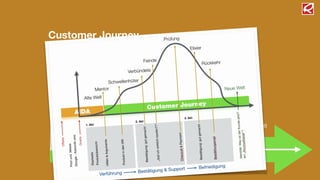 Customer Journey
Customer JourneyAIDA
1. Akt 2. Akt 3. Akt
Mentor
Schwellenhüter
Verbündete
Feinde
Elixier
Rückkehr
Neue WeltAlte Welt
Prüfung
Verführung Bestätigung & Support Befriedigung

What needs to be done: If an entry contains an image, please omit that image and print everything else verbatim.

Solution to the exercise:
 Customer Journey
Customer JourneyAIDA
1. Akt 2. Akt 3. Akt
Mentor
Schwellenhüter
Verbündete
Feinde
Elixier
Rückkehr
Neue WeltAlte Welt
Prüfung
Verführung Bestätigung & Support Befriedigung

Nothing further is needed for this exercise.